Plus les années et les offrandes passent, plus Alunah se bonifie, peaufinant peu à peu un art aussi lourd que soyeux. Si le doom déclamé par une prêtresse n'étonne plus vraiment, les Anglais ont su se démarquer d'une concurrence de plus en plus forte, non seulement grâce au chant de Sophie Day, doucement mélancolique, mais surtout en raison d'une écriture puissamment inspirée, à laquelle sait toujours rendre hommage le mastering du maître Greg Chandler (Esoteric).
Deux ans et demi après un "Awakening The Forest" déjà bien supérieur à ses aînés, "Solennial" ne déroge pas à la règle, quatrième opus longue durée qui franchit encore une étape vers le nirvana. Après un court passage chez Napalm, le groupe des Midlands de l'Ouest a jeté son dévolu sur Svart Records, label finlandais certes plus modeste mais aussi plus passionné que l'écurie autrichienne et dans le catalogue duquel son nouvel opus se glissera avec aisance entre ceux de Goatess, Seremonia ou High Priest Of Saturn.
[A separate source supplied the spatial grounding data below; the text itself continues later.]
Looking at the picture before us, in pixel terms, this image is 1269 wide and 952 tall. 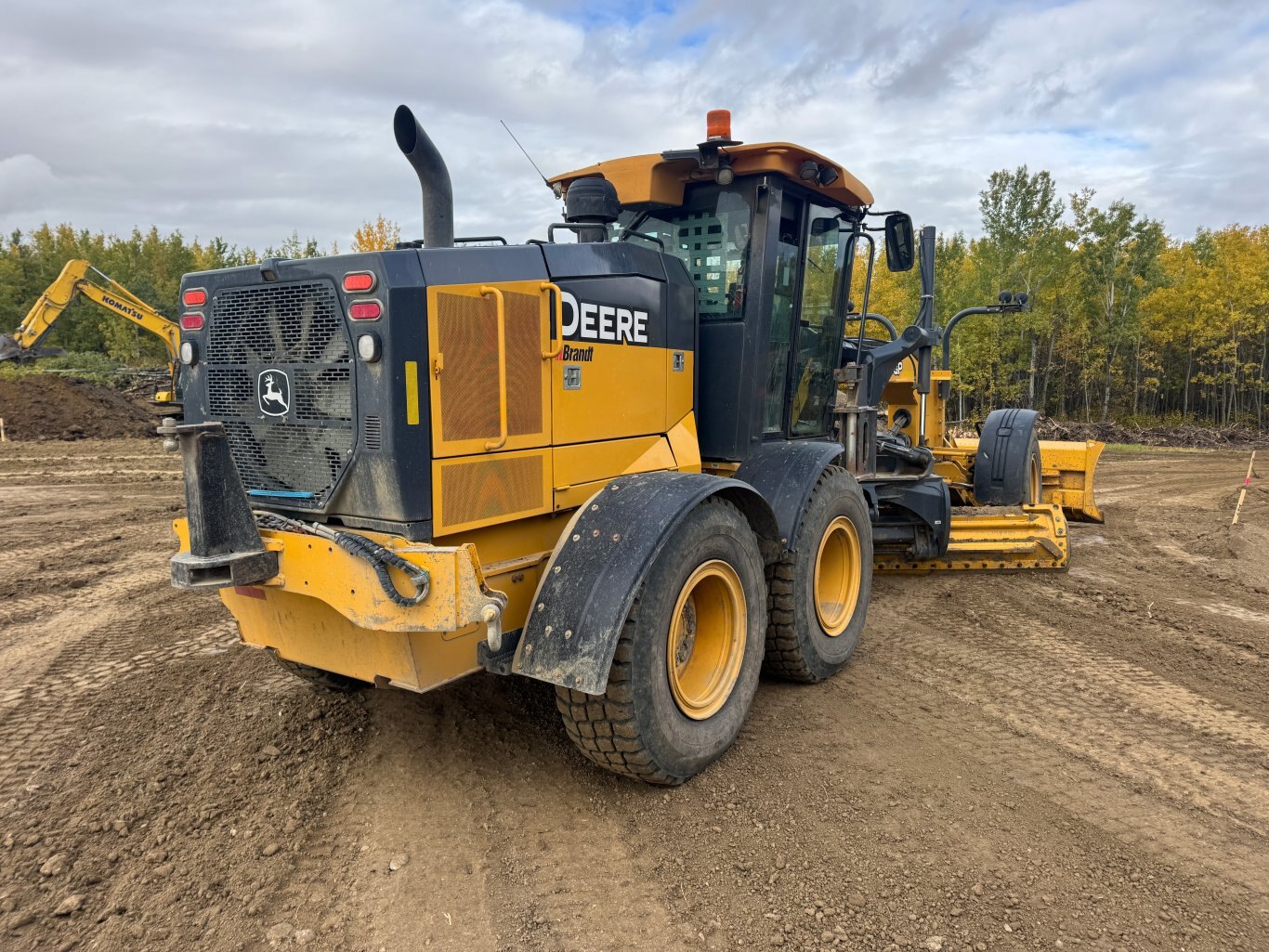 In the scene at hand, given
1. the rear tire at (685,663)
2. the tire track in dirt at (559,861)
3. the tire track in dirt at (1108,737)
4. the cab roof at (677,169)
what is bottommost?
the tire track in dirt at (559,861)

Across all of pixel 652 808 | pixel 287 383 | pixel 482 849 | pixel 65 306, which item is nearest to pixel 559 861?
pixel 482 849

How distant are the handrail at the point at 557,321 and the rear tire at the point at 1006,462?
594 centimetres

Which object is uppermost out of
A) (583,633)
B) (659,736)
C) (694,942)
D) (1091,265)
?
(1091,265)

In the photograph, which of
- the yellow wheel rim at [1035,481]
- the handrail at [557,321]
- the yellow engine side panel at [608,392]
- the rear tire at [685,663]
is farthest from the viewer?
the yellow wheel rim at [1035,481]

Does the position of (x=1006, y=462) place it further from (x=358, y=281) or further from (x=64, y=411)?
(x=64, y=411)

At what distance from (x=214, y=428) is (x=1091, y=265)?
1272 inches

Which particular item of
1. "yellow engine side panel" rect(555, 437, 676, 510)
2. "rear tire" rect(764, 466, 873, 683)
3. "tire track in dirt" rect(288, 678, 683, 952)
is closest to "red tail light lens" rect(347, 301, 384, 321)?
"yellow engine side panel" rect(555, 437, 676, 510)

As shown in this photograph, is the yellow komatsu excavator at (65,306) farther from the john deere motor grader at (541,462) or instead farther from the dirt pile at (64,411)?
the john deere motor grader at (541,462)

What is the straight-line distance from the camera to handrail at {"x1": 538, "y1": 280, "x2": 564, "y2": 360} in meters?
3.32

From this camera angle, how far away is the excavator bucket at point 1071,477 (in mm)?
8820

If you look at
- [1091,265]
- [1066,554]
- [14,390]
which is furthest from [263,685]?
[1091,265]

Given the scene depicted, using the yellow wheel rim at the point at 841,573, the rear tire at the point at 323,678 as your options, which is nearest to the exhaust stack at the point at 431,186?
the rear tire at the point at 323,678

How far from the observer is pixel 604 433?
3.76 metres

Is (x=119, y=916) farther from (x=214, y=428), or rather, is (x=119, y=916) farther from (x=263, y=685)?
(x=263, y=685) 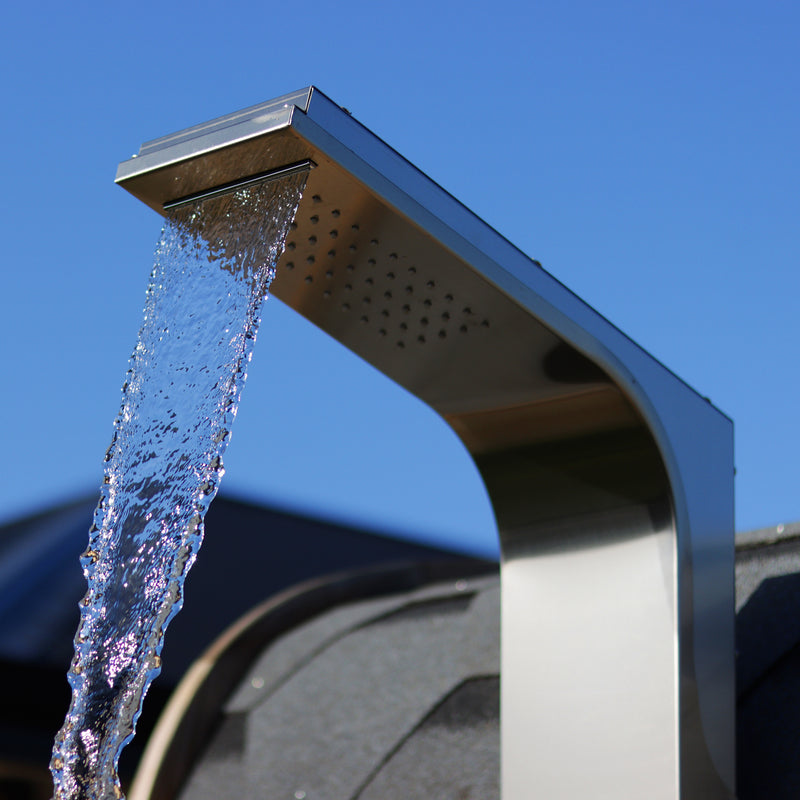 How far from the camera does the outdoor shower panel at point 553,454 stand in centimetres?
77

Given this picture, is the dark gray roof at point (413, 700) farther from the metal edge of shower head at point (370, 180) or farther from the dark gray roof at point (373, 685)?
the metal edge of shower head at point (370, 180)

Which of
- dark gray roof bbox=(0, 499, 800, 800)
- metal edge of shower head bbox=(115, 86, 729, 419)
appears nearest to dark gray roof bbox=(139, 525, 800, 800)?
dark gray roof bbox=(0, 499, 800, 800)

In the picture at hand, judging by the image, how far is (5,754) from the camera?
1.75m

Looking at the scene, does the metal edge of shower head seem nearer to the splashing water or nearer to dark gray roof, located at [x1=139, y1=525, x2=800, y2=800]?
the splashing water

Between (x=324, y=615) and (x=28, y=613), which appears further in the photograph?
(x=28, y=613)

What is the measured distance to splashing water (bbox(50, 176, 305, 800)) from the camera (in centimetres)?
82

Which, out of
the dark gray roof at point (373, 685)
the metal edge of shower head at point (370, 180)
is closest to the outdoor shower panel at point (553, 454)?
the metal edge of shower head at point (370, 180)

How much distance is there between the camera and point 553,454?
982 millimetres

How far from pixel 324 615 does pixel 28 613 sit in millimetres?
768

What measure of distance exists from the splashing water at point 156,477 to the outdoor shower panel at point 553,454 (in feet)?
0.16

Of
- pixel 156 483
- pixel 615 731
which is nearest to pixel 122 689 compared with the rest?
pixel 156 483

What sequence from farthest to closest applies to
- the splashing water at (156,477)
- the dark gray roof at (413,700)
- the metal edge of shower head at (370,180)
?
the dark gray roof at (413,700), the splashing water at (156,477), the metal edge of shower head at (370,180)

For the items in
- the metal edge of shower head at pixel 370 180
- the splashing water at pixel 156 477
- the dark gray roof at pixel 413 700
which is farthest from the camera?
the dark gray roof at pixel 413 700

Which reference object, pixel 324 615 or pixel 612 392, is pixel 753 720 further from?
pixel 324 615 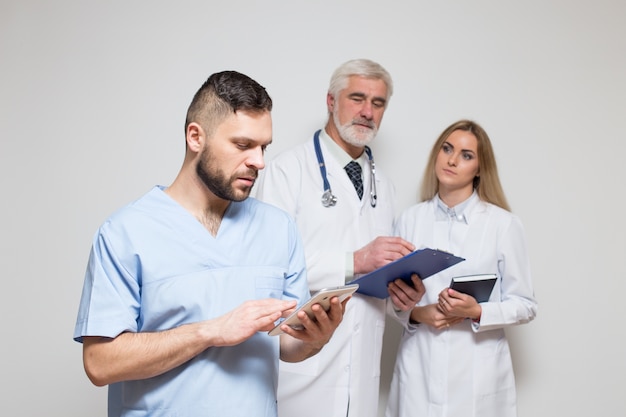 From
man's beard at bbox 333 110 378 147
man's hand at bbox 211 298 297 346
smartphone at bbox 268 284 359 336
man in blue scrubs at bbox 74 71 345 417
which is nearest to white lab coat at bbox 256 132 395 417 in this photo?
man's beard at bbox 333 110 378 147

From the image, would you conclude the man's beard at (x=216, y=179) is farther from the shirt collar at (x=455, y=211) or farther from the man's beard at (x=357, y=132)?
the shirt collar at (x=455, y=211)

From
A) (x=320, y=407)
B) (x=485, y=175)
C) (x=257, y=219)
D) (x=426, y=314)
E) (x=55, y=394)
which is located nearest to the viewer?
(x=257, y=219)

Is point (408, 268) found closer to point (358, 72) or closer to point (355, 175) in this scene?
point (355, 175)

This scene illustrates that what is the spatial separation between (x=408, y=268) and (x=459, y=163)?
0.65 meters

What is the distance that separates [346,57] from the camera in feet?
9.77

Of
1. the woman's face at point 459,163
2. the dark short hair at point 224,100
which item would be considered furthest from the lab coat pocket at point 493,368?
the dark short hair at point 224,100

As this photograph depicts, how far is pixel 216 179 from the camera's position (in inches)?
57.2

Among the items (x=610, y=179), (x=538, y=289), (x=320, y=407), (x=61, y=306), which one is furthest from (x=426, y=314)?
(x=61, y=306)

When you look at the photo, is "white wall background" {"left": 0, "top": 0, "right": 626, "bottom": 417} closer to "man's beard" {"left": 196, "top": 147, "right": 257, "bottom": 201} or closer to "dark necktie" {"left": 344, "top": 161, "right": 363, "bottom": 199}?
"dark necktie" {"left": 344, "top": 161, "right": 363, "bottom": 199}

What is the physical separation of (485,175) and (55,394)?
7.10 feet

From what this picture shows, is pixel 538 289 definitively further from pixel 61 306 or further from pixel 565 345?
pixel 61 306

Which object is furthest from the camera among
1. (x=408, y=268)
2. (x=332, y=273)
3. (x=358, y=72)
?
(x=358, y=72)

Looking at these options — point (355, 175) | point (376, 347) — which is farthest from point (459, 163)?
point (376, 347)

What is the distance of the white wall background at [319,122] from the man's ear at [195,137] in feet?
4.81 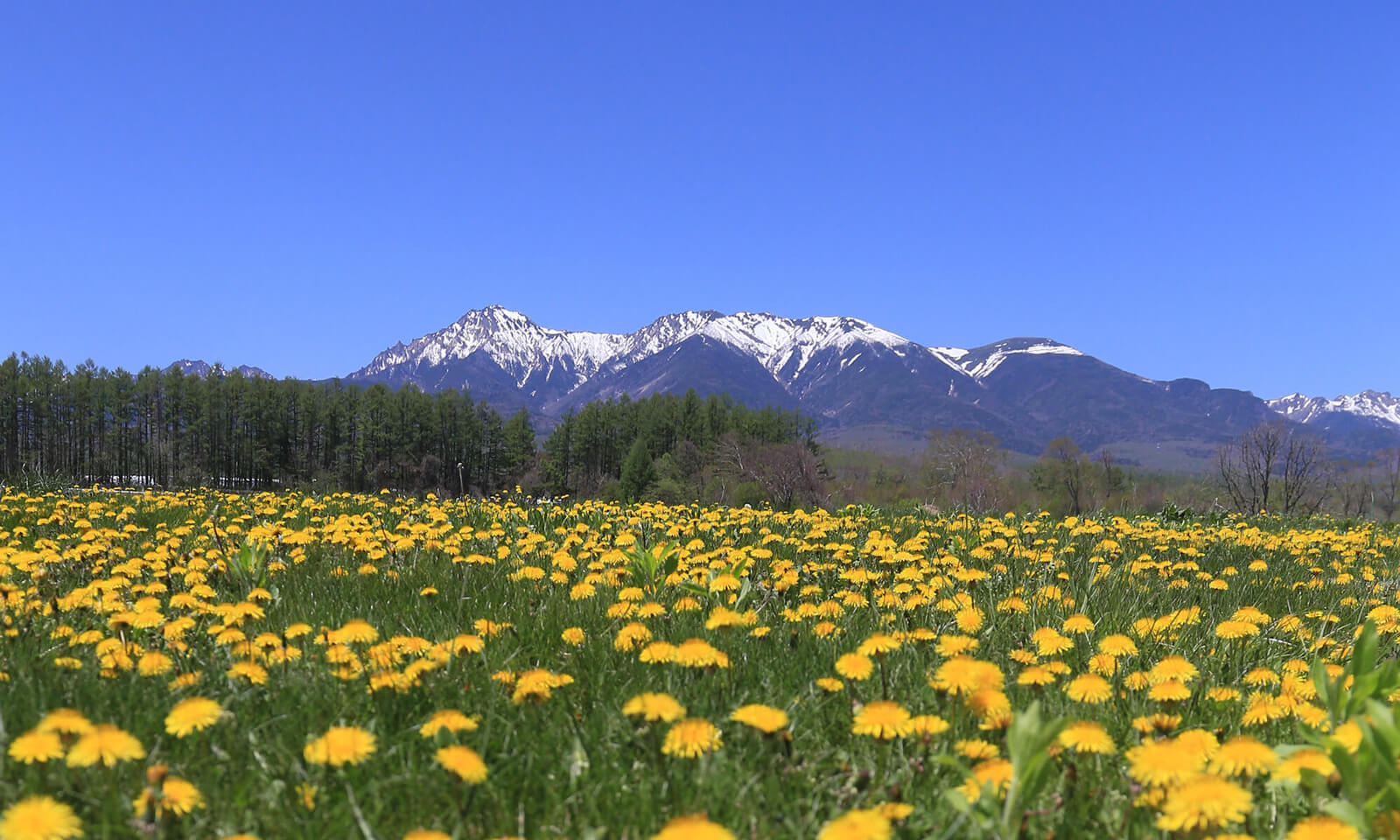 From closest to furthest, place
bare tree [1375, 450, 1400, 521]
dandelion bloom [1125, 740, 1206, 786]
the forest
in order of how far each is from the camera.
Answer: dandelion bloom [1125, 740, 1206, 786] < bare tree [1375, 450, 1400, 521] < the forest

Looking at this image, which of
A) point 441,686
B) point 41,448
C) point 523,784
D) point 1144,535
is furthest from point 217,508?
point 41,448

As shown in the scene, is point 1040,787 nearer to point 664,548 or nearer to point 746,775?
point 746,775

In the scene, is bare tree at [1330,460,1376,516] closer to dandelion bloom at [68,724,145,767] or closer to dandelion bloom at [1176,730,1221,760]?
dandelion bloom at [1176,730,1221,760]

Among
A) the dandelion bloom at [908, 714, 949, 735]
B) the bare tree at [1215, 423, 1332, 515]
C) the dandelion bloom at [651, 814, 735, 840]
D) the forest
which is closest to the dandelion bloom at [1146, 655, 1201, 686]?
the dandelion bloom at [908, 714, 949, 735]

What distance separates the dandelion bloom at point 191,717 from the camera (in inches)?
70.4

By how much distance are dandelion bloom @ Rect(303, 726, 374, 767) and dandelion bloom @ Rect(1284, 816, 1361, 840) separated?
1987 millimetres

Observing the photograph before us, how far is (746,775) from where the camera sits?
1.95 meters

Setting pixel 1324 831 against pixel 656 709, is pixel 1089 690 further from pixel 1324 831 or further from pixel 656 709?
pixel 656 709

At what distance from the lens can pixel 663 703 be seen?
74.4 inches

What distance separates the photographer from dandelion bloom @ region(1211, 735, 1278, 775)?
1.77 m

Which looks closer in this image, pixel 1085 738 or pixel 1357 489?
pixel 1085 738

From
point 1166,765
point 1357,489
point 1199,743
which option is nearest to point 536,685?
point 1166,765

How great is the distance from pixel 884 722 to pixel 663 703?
0.57m

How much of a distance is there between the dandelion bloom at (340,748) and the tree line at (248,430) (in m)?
84.7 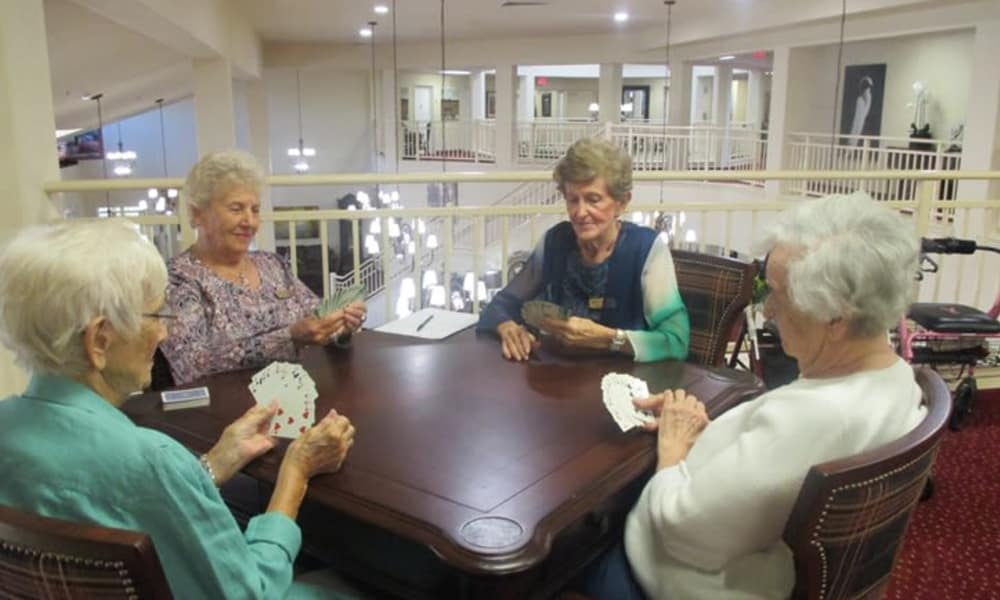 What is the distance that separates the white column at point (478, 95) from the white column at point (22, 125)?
50.0 ft

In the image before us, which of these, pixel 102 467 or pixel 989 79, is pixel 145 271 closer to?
pixel 102 467

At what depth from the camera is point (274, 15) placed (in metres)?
9.41

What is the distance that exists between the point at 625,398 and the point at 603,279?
0.64 meters

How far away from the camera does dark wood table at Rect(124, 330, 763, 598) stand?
1217 millimetres

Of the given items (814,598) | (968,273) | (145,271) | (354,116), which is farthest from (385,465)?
(354,116)

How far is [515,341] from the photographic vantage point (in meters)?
2.10

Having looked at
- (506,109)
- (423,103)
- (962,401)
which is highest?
(423,103)

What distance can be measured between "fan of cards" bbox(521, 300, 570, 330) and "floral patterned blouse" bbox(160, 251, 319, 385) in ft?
2.10

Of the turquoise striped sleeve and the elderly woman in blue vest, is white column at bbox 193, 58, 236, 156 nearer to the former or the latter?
the elderly woman in blue vest

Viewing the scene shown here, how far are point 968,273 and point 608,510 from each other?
6.65m

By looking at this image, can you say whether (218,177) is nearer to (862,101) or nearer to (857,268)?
(857,268)

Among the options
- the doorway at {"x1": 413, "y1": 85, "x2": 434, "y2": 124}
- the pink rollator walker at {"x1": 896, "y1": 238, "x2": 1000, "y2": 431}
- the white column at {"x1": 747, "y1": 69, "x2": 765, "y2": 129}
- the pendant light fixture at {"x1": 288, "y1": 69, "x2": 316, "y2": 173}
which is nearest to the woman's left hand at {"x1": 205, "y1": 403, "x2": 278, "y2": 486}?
the pink rollator walker at {"x1": 896, "y1": 238, "x2": 1000, "y2": 431}

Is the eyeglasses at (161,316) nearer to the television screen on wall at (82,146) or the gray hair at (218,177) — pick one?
Answer: the gray hair at (218,177)

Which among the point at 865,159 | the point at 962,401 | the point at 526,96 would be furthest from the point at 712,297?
the point at 526,96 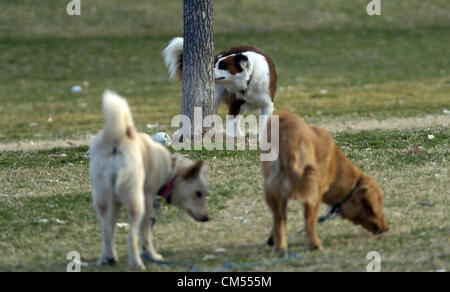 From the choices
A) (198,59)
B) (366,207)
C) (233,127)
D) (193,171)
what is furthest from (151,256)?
(233,127)

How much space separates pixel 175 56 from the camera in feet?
37.8

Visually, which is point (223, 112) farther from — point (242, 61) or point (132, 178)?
point (132, 178)

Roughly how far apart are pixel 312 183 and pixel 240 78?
5340mm

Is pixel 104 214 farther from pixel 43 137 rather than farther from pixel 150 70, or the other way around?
pixel 150 70

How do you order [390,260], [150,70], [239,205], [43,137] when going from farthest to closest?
[150,70] < [43,137] < [239,205] < [390,260]

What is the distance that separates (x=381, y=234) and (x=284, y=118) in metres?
1.40

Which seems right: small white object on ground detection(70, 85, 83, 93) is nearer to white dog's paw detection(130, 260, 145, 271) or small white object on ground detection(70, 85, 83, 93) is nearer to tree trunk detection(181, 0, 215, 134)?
tree trunk detection(181, 0, 215, 134)

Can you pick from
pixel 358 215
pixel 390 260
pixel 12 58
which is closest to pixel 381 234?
pixel 358 215

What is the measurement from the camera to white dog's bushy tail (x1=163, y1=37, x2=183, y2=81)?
11430 mm

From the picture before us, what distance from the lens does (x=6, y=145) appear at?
40.2ft

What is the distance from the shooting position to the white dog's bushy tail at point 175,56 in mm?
11430

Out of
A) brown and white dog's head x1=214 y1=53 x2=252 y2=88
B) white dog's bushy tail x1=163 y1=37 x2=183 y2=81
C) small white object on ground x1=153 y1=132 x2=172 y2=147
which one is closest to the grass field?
small white object on ground x1=153 y1=132 x2=172 y2=147

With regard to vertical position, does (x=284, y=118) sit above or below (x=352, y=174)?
above

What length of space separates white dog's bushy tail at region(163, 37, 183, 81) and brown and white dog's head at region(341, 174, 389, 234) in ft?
18.5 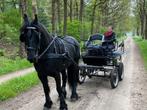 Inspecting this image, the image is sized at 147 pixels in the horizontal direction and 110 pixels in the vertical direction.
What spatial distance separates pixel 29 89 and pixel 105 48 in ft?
10.5

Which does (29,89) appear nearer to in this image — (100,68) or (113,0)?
(100,68)

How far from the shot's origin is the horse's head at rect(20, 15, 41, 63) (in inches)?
289

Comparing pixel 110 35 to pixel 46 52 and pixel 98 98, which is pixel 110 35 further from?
pixel 46 52

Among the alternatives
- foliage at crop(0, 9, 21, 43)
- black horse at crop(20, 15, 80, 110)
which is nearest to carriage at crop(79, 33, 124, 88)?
black horse at crop(20, 15, 80, 110)

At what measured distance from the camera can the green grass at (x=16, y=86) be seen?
1028 cm

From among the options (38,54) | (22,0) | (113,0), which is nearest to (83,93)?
(38,54)

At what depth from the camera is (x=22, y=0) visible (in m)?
18.4

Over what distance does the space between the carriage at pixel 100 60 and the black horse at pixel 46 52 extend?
8.02 ft

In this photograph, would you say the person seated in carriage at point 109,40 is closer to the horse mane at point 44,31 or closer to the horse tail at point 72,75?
the horse tail at point 72,75

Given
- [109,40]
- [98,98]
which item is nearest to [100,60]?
[109,40]

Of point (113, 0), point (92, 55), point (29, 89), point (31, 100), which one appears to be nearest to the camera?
point (31, 100)

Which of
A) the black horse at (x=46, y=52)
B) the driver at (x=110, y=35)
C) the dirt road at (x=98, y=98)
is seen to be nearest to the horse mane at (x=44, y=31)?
the black horse at (x=46, y=52)

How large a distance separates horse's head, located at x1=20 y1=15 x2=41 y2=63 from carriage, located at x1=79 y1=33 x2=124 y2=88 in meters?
4.57

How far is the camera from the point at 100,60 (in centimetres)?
1219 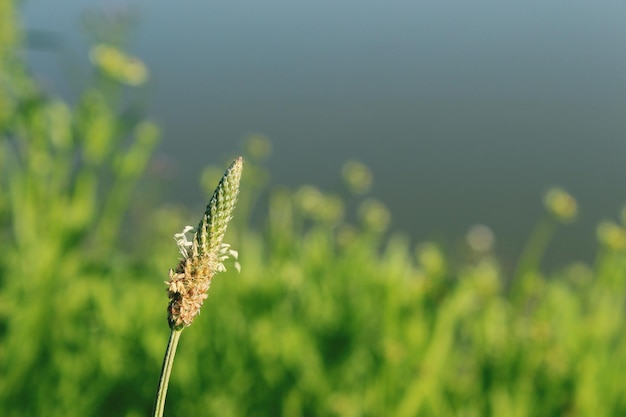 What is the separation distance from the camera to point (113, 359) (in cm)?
204

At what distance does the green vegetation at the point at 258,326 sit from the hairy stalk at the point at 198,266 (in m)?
1.59

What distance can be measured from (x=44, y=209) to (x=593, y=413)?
177 centimetres

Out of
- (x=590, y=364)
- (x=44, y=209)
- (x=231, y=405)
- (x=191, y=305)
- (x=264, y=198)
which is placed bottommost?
(x=191, y=305)

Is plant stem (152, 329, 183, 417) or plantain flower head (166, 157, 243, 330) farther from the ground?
plantain flower head (166, 157, 243, 330)

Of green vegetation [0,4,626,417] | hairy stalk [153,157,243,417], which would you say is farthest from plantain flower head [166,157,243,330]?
green vegetation [0,4,626,417]

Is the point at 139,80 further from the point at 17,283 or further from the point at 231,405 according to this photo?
the point at 231,405

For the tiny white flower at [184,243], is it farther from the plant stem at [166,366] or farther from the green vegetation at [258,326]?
the green vegetation at [258,326]

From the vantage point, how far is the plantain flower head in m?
0.39

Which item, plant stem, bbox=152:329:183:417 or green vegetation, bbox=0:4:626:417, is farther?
green vegetation, bbox=0:4:626:417

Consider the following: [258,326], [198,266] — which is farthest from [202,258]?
[258,326]

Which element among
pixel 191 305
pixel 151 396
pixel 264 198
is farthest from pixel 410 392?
pixel 264 198

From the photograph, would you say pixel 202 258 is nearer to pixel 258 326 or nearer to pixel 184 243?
pixel 184 243

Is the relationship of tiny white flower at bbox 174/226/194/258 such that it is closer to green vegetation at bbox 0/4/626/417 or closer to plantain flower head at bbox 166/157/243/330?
plantain flower head at bbox 166/157/243/330

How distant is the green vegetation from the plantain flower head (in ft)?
5.22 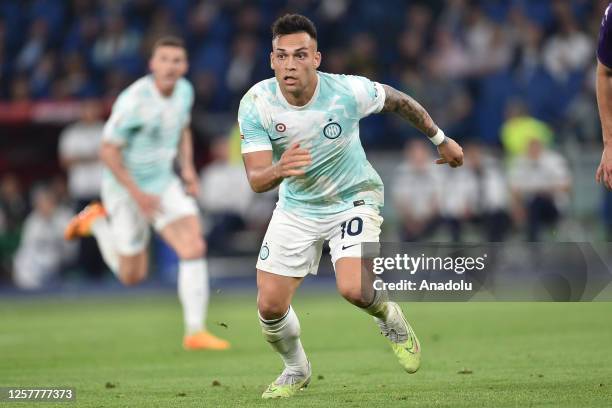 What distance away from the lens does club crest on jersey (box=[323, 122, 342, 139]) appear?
7.79m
Fidèle à un matériau léthargique dont il ne se départira, on l'espère, jamais, Alunah propose huit perles aussi épiques que lancinantes, dont une curieuse reprise de The Cure, 'A Forest', en guise de conclusion. Alors que dans cette formule féminine désormais à la mode, les vocalises constituent d'ordinaire l'aimant qui sert à ferrer l'auditeur en l'ensorcelant, "Solennial" repose contre toute attente sur les guitares qui en forment les vigoureux arcs-boutants.
De fait, aux côtés des terreuses lignes rythmiques abattues par la chanteuse elle-même, les soli de David Day émaillent ainsi nombre de compositions en leur injectant une tristesse tranquille. Entre un 'Lugh's Assembly', long de presque huit minutes, culminant lors d'un final beau à pleurer, un 'Fire Of Thornborough Henge', aux teintes forestières ou ce 'The Reckoning Time' plus ramassé, les occasions ne manquent pas de pouvoir savourer ces saillies pétrifiées que recouvrent l'ombre du Tony Iommi le plus désespéré.
Est-ce à dire cependant que Sophie se contente cette fois de jouer les rôles secondaires ? Que nenni. Elle demeure plus que jamais la magicienne qui envoûte autant qu'elle guide à travers la sente mystérieuse d'une forêt peuplée d'arbres menaçants. Il suffit d'écouter 'Petrichor', d'une lenteur pesante et que hantent des cordes discrètes, pour mesurer le talent de conteuse sombrement féerique de la belle.
Plus sentencieux encore que ses devanciers, à l'image des 'Feast Of Torches' et 'Light Of Winter', "Solennial" est une ballade cérémonieuse drapée d'une douce amertume dont on peut affirmer qu'il est l'album le plus abouti à ce jour des Britanniques, merveille de doom majestueux et hiératique.